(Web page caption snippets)
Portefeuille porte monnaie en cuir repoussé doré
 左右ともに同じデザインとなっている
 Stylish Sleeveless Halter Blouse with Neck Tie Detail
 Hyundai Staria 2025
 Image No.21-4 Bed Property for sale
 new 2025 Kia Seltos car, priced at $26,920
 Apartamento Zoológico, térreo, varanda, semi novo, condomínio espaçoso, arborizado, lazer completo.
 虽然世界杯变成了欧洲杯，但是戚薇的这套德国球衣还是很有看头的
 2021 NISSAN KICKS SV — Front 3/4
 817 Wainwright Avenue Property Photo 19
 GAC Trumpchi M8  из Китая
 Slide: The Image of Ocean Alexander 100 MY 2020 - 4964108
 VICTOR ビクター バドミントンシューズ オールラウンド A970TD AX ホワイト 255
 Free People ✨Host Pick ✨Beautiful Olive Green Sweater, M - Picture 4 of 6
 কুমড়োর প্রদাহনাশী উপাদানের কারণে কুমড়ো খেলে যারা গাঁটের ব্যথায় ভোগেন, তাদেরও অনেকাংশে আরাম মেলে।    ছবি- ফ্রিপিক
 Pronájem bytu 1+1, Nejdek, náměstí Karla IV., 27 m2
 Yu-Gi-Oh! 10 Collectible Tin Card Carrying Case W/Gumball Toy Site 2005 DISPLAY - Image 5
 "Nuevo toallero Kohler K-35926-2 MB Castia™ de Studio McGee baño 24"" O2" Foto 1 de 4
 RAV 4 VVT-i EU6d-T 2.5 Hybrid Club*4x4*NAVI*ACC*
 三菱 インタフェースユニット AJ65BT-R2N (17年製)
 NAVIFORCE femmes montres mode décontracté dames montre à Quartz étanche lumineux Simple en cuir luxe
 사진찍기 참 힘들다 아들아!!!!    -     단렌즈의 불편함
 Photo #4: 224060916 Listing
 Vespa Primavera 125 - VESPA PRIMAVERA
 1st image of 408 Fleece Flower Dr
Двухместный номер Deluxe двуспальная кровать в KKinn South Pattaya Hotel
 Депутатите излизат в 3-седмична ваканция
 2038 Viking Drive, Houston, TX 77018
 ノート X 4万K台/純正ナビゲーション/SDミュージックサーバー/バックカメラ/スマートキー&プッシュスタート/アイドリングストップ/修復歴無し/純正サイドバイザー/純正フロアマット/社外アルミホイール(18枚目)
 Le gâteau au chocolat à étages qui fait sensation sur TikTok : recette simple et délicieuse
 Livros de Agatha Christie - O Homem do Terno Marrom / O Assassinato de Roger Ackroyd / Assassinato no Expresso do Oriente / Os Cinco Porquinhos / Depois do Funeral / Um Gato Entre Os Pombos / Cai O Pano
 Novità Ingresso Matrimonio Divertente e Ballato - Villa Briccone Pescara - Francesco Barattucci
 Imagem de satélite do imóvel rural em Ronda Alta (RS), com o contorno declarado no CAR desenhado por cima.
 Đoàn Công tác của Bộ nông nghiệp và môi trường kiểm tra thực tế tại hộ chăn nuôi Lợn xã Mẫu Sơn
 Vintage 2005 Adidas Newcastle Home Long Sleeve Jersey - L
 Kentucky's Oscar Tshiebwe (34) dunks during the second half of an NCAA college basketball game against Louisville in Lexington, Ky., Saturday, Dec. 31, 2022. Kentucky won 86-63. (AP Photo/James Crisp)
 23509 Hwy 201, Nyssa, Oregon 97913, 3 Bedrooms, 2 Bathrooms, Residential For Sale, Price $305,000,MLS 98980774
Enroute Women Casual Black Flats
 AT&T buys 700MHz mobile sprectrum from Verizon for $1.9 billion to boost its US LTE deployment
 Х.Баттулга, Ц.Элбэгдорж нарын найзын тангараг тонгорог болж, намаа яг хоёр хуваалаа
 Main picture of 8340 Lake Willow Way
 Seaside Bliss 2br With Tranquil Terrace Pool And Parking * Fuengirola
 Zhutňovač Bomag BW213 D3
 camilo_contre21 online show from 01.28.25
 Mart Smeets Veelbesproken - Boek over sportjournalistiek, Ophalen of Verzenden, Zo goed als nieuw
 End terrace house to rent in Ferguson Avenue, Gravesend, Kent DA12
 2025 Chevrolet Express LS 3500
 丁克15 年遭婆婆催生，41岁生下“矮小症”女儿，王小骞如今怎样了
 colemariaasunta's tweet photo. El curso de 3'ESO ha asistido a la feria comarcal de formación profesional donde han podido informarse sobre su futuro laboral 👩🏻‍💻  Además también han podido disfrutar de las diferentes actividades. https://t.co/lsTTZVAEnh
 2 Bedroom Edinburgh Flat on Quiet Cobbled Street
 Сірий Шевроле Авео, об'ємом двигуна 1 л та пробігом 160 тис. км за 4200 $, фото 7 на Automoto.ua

**Problem**
An exact, complete copy of the lines above from the one with "사진찍기 참 힘들다 아들아!!!!" through the one with "Novità Ingresso Matrimonio" is the whole answer.

**Written reply**
 사진찍기 참 힘들다 아들아!!!!    -     단렌즈의 불편함
 Photo #4: 224060916 Listing
 Vespa Primavera 125 - VESPA PRIMAVERA
 1st image of 408 Fleece Flower Dr
Двухместный номер Deluxe двуспальная кровать в KKinn South Pattaya Hotel
 Депутатите излизат в 3-седмична ваканция
 2038 Viking Drive, Houston, TX 77018
 ノート X 4万K台/純正ナビゲーション/SDミュージックサーバー/バックカメラ/スマートキー&プッシュスタート/アイドリングストップ/修復歴無し/純正サイドバイザー/純正フロアマット/社外アルミホイール(18枚目)
 Le gâteau au chocolat à étages qui fait sensation sur TikTok : recette simple et délicieuse
 Livros de Agatha Christie - O Homem do Terno Marrom / O Assassinato de Roger Ackroyd / Assassinato no Expresso do Oriente / Os Cinco Porquinhos / Depois do Funeral / Um Gato Entre Os Pombos / Cai O Pano
 Novità Ingresso Matrimonio Divertente e Ballato - Villa Briccone Pescara - Francesco Barattucci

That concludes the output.